If you allocate GPU resources but let the GPU idle for extended periods of time, we will terminate your pod without warning. Furthermore, your access may be permanently restricted. We actively monitor GPU utilization and take action if we detect abuse.
This warning also applies for "guaranteed" CPU or memory quotas.
GPU workload
Similar to the GPU shell, but exit (and de-allocate GPU resources) once the process terminates.
# gpu-workload.yaml
apiVersion: v1
kind: Pod
metadata:
name: gpu-workload
spec:
terminationGracePeriodSeconds: 1
restartPolicy: Never
containers:
- name: app
image: nvcr.io/nvidia/cuda:12.5.0-base-ubuntu22.04
command: ['/bin/bash', '-c', 'nvidia-smi']
resources:
limits:
nvidia.com/gpu: 4
Note the restartPolicy: Never
and the modified command
lines.
$ # create the pod
$ kubectl apply -f gpu-workload.yaml
pod/gpu-workload created
$ # watch the pod start and eventually exit
$ kubectl get -f gpu-workload.yaml --watch
NAME READY STATUS RESTARTS AGE
gpu-workload 1/1 Running 0 6s
gpu-workload 0/1 Completed 0 7s
^C
$ # view logs (standard outputs)
$ kubectl logs gpu-workload --follow
Tue Jun 4 12:14:54 2024
+---------------------------------------------------------------------------------------+
| NVIDIA-SMI 535.161.08 Driver Version: 535.161.08 CUDA Version: 12.5 |
|-----------------------------------------+----------------------+----------------------+
| GPU Name Persistence-M | Bus-Id Disp.A | Volatile Uncorr.
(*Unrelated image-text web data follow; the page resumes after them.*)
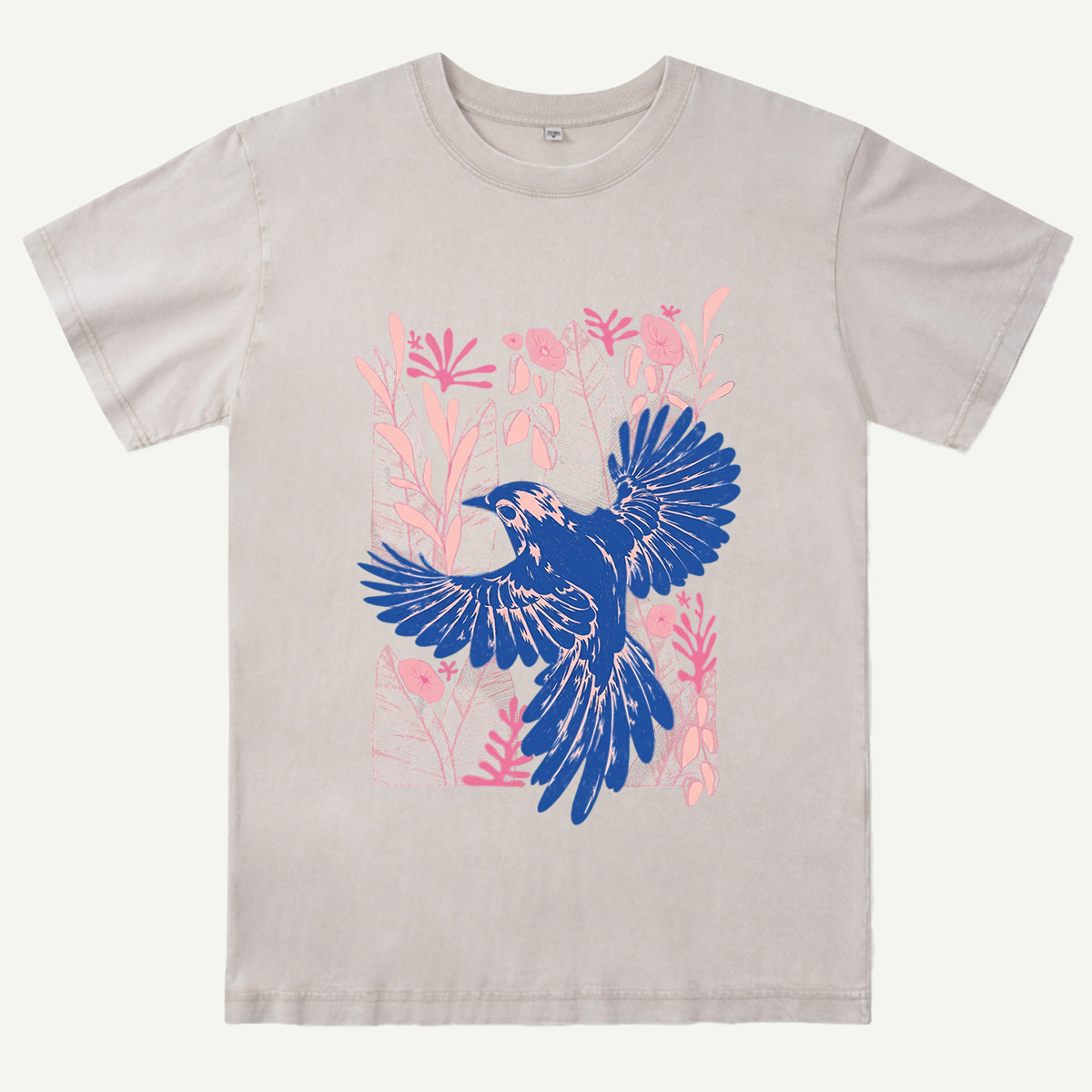 Vintage Blue Bird Botanical Washed T-Shirt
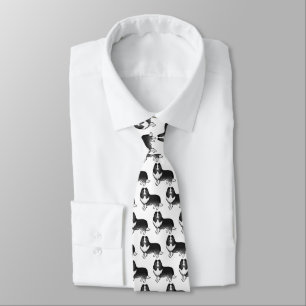 Cravate Bi-Black Shetland Sheepdog Motif de dessin de chie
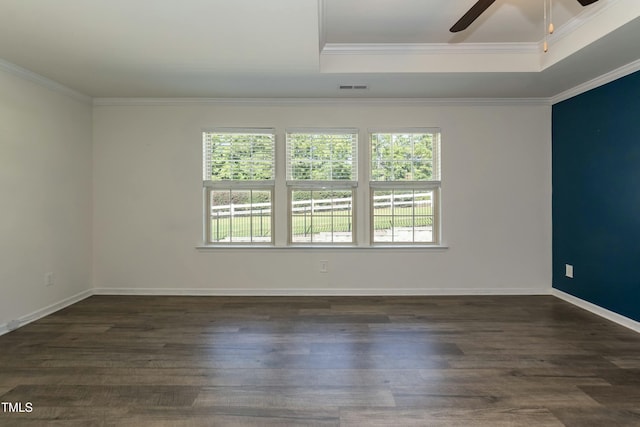 spare room with crown molding, dark hardwood / wood-style flooring, and a raised ceiling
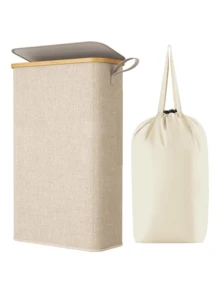 65L Slim Laundry Basket With Lid, Small Foldable Dirty Clothes Storage Bin, Tall Laundry Hamper With Extended Handle For Easy Carrying, Suitable For Bedroom And Laundry Room - Multicolor - View 19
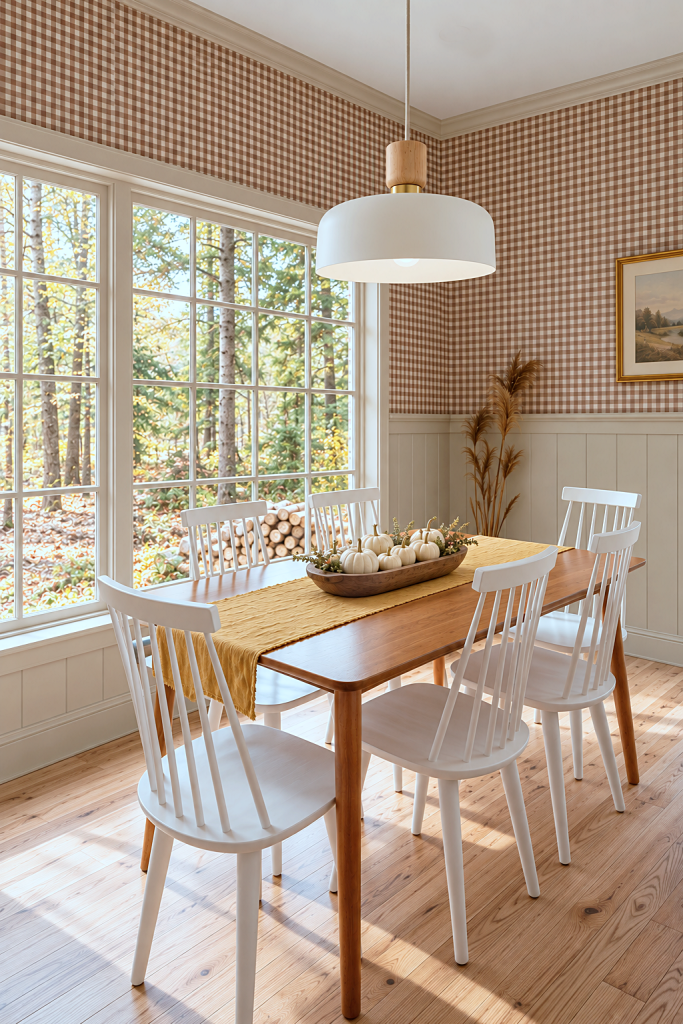 brown gingham wallpaper in bright and airy kitchen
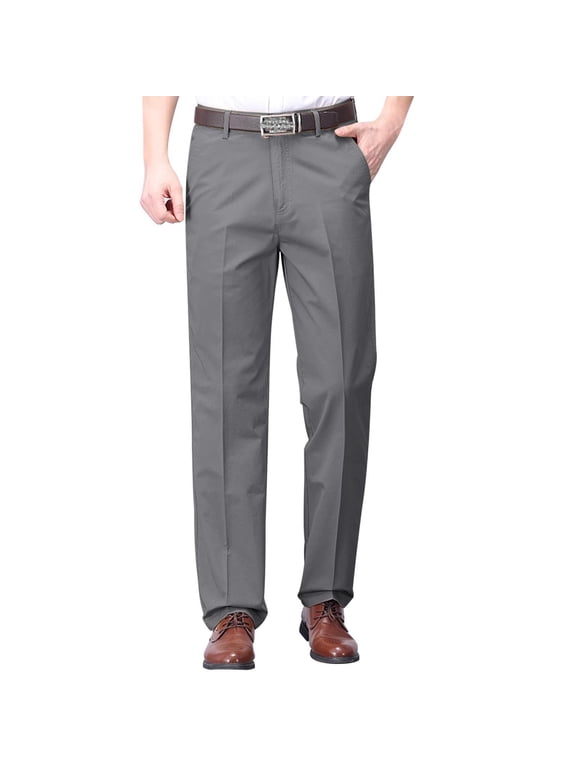 Mens Pants Twill Casual Straight Leg Dressy with Pockets,Size 3XS-4XL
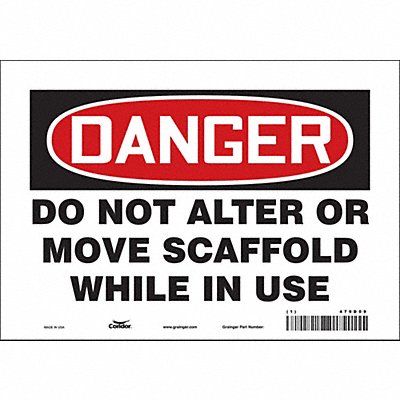 CONDOR 479D09 Safety Sign 7 in x 10 in Vinyl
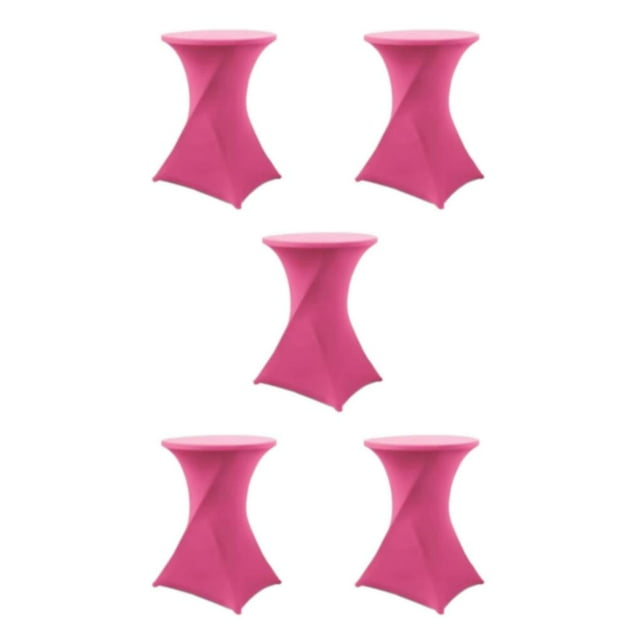 kurtrusly Polyester Hotel Wedding Party Table Cover Stretch Round Tablecloth For Easy Care Versatile Easy Wash Rose Red 5Set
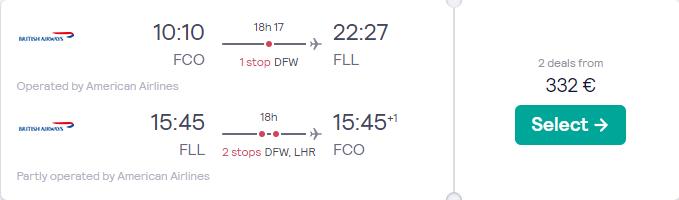 Cheap flights from Rome, Italy to Fort Lauderdale, USA for only €332 roundtrip with American Airlines and British Airways. Flight deal ticket image.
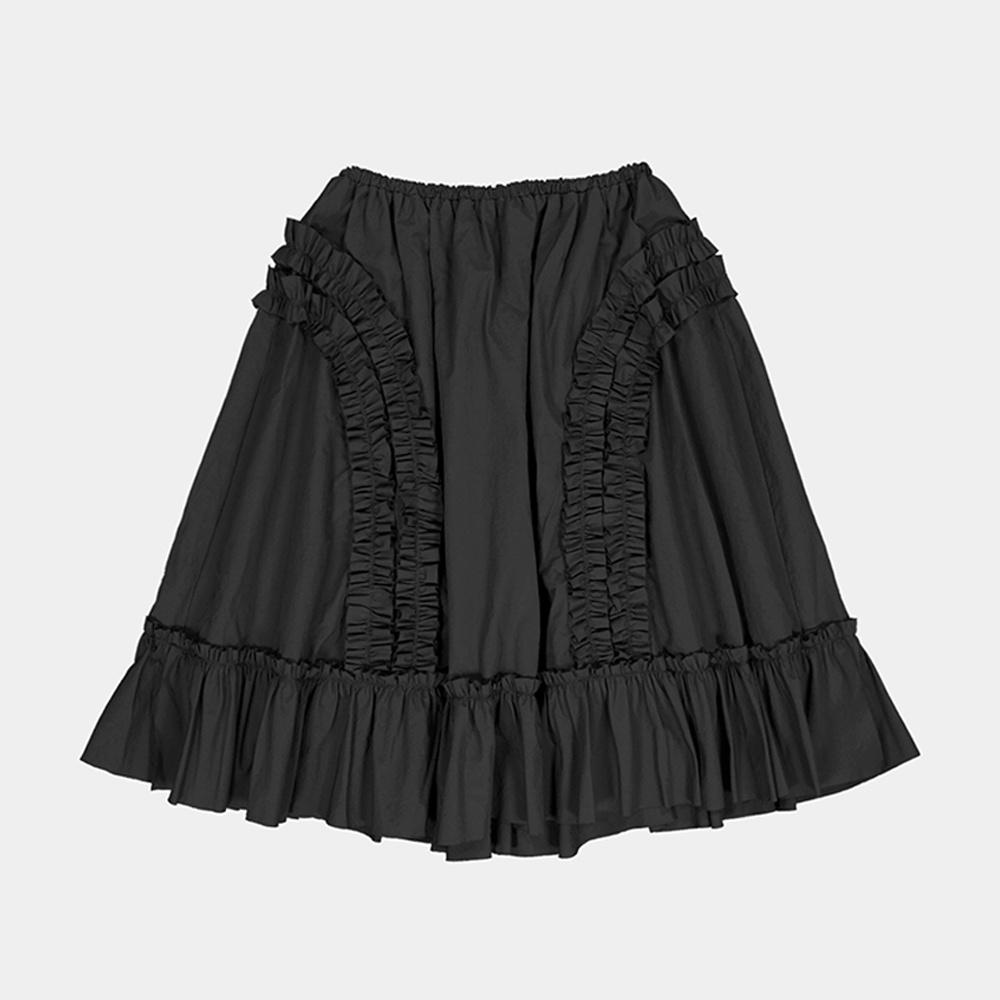 BANDING RUFFLE NYLON SKIRT - CHARCOAL
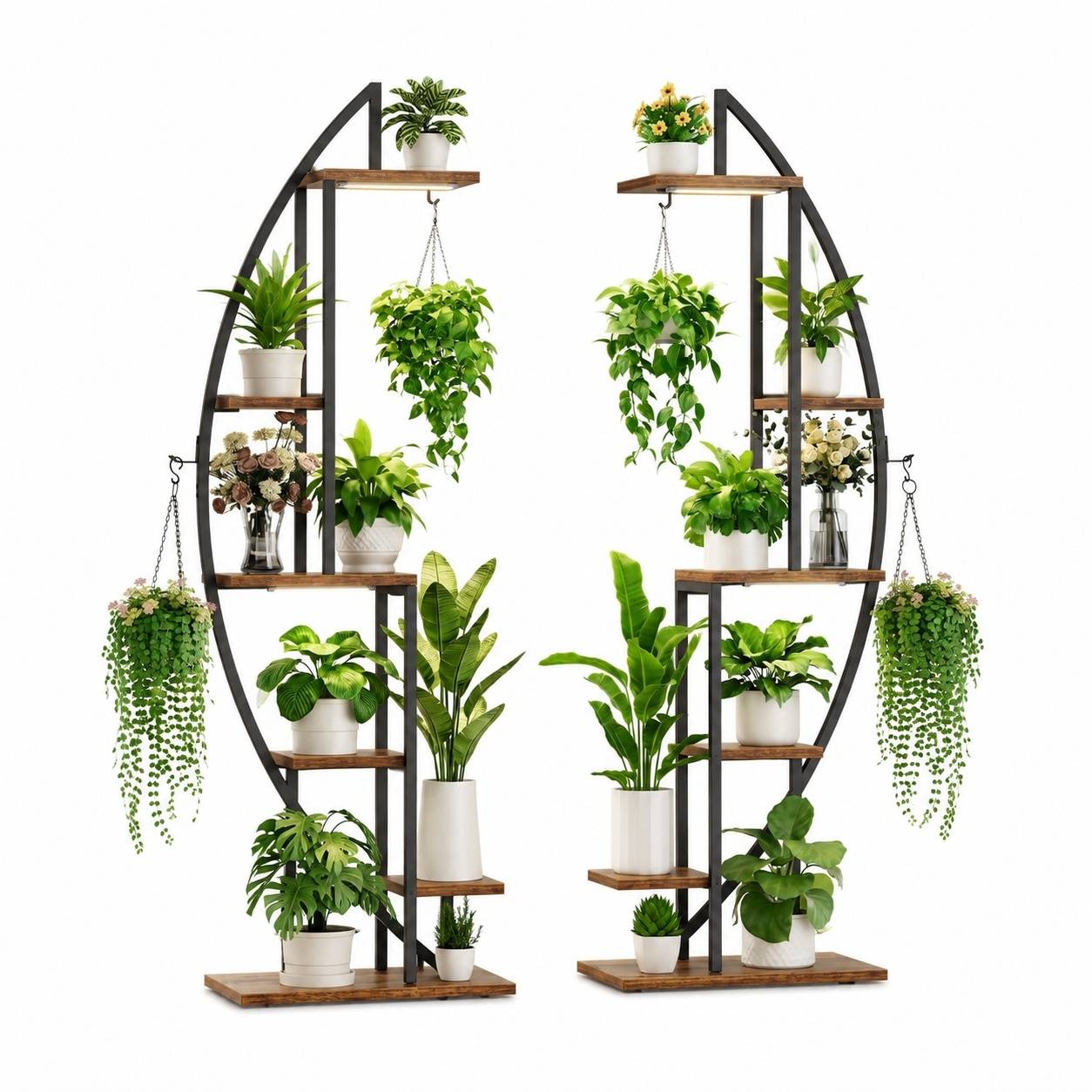 Étagère à Plantes 6 Niveaux avec Lumières de Culture Grand Ecran pour Salon Intérieur - Image 1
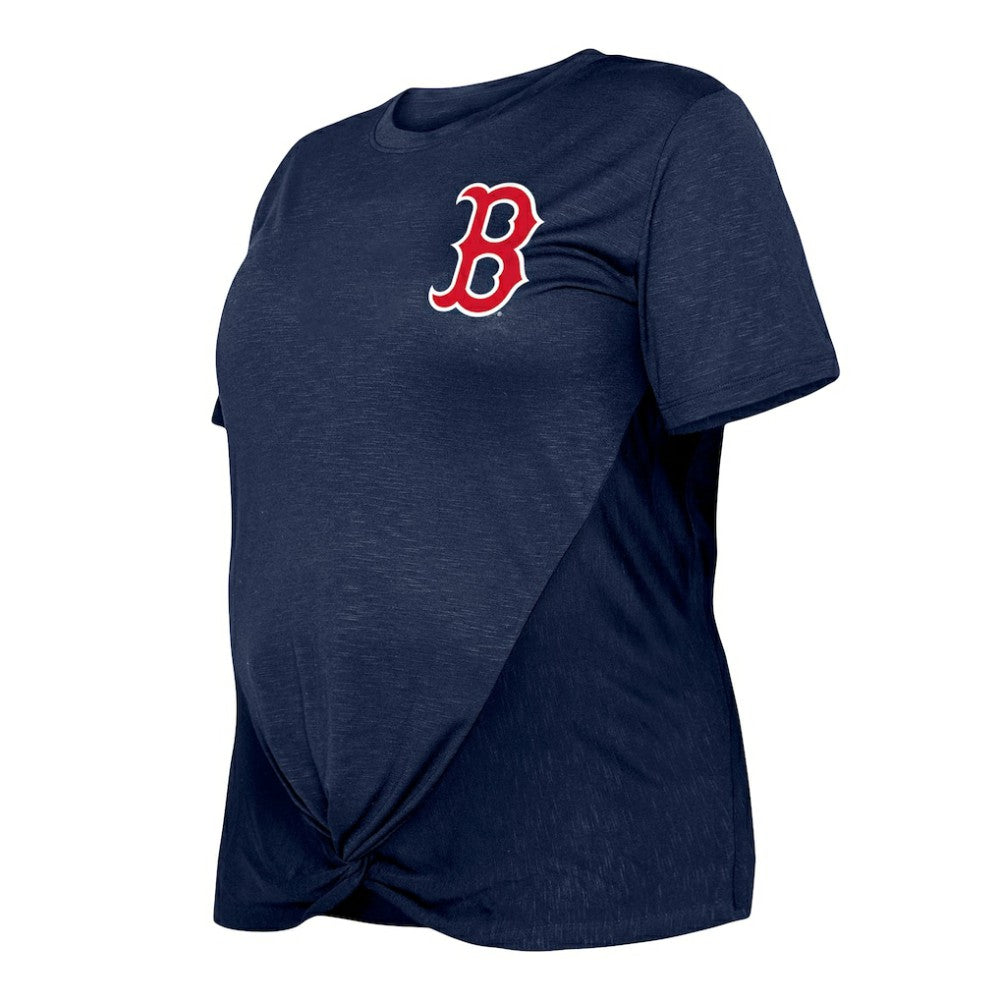 Boston Red Sox Women's Plus Size Two-Hit Front Knot T-Shirt - Navy | New Era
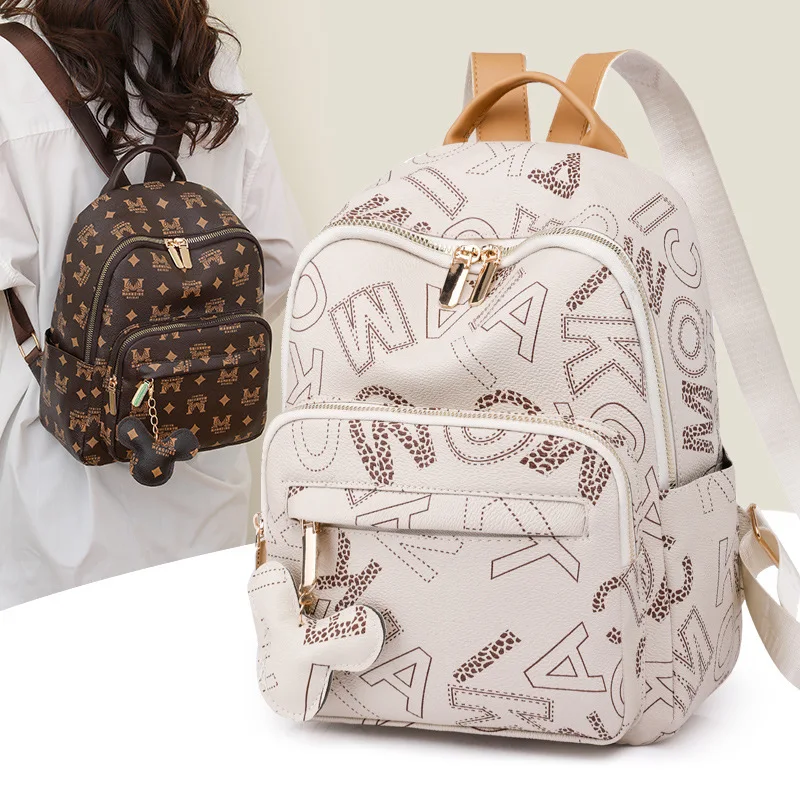 XJ Annual New Women's Internet Celebrity Hot Selling Large Capacity Backpack Letter Multi functional Backpack with One Shoulder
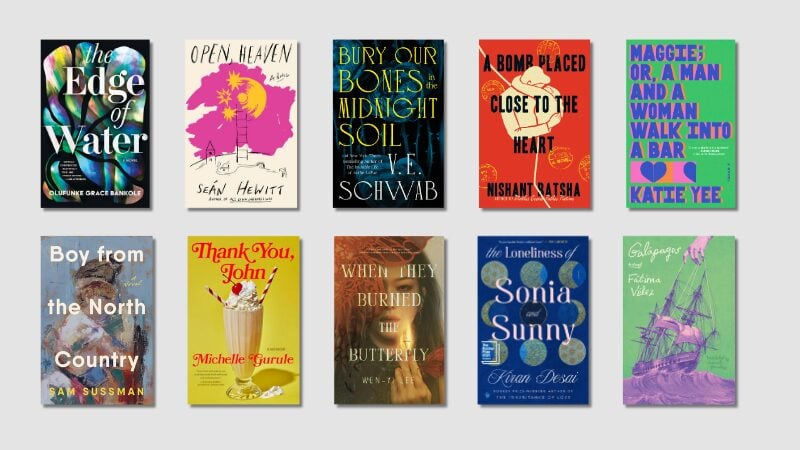 Ten colorful book covers are arranged in two rows of five against a light gray background, each displaying unique titles and designs.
ECC |
| Fan Temp Perf Pwr:Usage/Cap | Memory-Usage | GPU-Util Compute M. |
| | | MIG M. |
|=========================================+======================+======================|
| 0 NVIDIA A100-SXM4-40GB On | 00000000:07:00.0 Off | 0 |
| N/A 24C P0 53W / 400W | 0MiB / 40960MiB | 0% Default |
| | | Disabled |
+-----------------------------------------+----------------------+----------------------+
| 1 NVIDIA A100-SXM4-40GB On | 00000000:0F:00.0 Off | 0 |
| N/A 22C P0 51W / 400W | 0MiB / 40960MiB | 0% Default |
| | | Disabled |
+-----------------------------------------+----------------------+----------------------+
| 2 NVIDIA A100-SXM4-40GB On | 00000000:B7:00.0 Off | 0 |
| N/A 28C P0 54W / 400W | 0MiB / 40960MiB | 0% Default |
| | | Disabled |
+-----------------------------------------+----------------------+----------------------+
| 3 NVIDIA A100-SXM4-40GB On | 00000000:BD:00.0 Off | 0 |
| N/A 29C P0 61W / 400W | 0MiB / 40960MiB | 0% Default |
| | | Disabled |
+-----------------------------------------+----------------------+----------------------+
+---------------------------------------------------------------------------------------+
| Processes: |
| GPU GI CI PID Type Process name GPU Memory |
| ID ID Usage |
|=======================================================================================|
| No running processes found |
+---------------------------------------------------------------------------------------+
$ # clean up the pod
$ kubectl delete -f gpu-workload.yaml
pod "gpu-workload" deleted
Logs may be truncated to save space, and will be permanently deleted if you delete your pod. If you want to preserve logs, we recommend writing them to a persistent volume.
Completed pods do not use node resources. Still, it is a good idea to clean up completed pods you are no longer using, as they can clutter your namespace and may result in name collisions.